Data block:
········

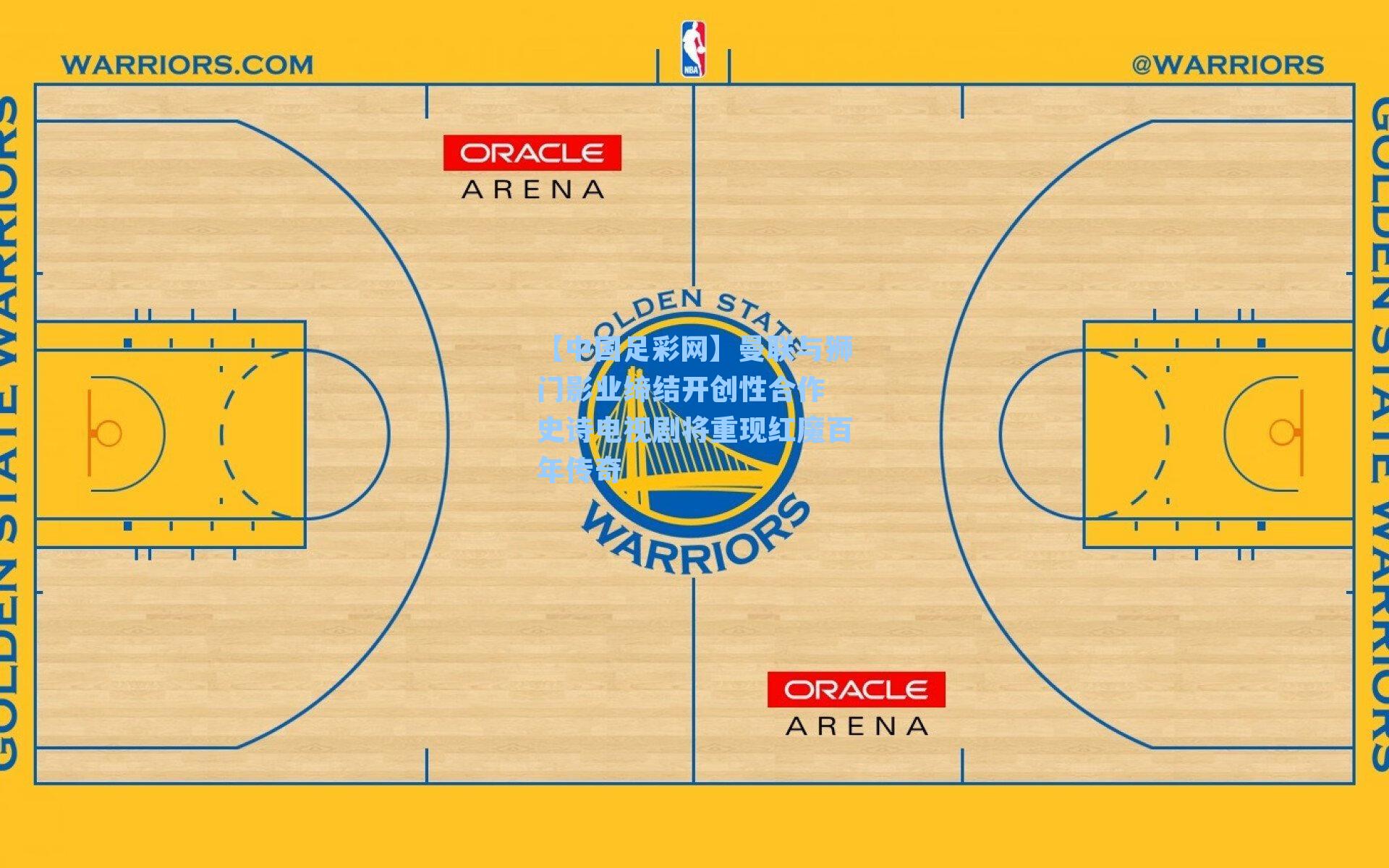 曼联与狮门影业缔结开创性合作 史诗电视剧将重现红魔百年传奇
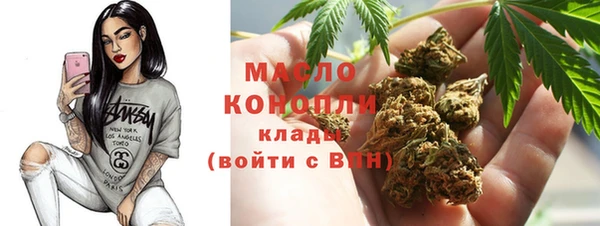mdpv Беломорск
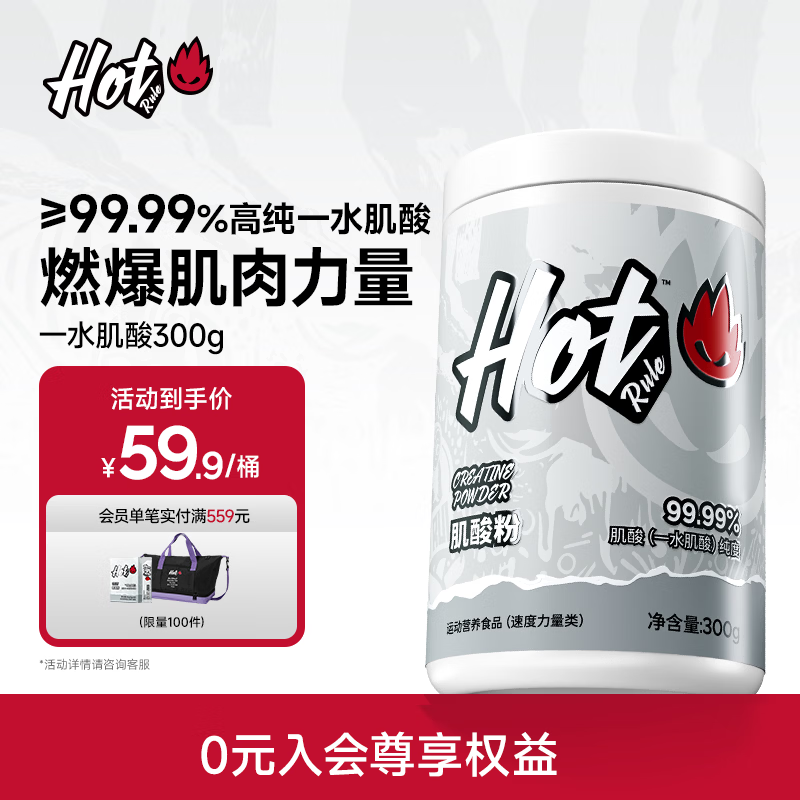 Hot Rule一水肌酸99.99%高纯度肌酸粉马拉松爆发耐力健身营养补剂非氮泵 【99.99%一水肌酸】引爆肌力 300g*1瓶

········

Work required: Go through the listing above and retype it exactly, skipping every picture.

Your solution:
 曼联与狮门影业缔结开创性合作 史诗电视剧将重现红魔百年传奇
mdpv Беломорск
 Hot Rule一水肌酸99.99%高纯度肌酸粉马拉松爆发耐力健身营养补剂非氮泵 【99.99%一水肌酸】引爆肌力 300g*1瓶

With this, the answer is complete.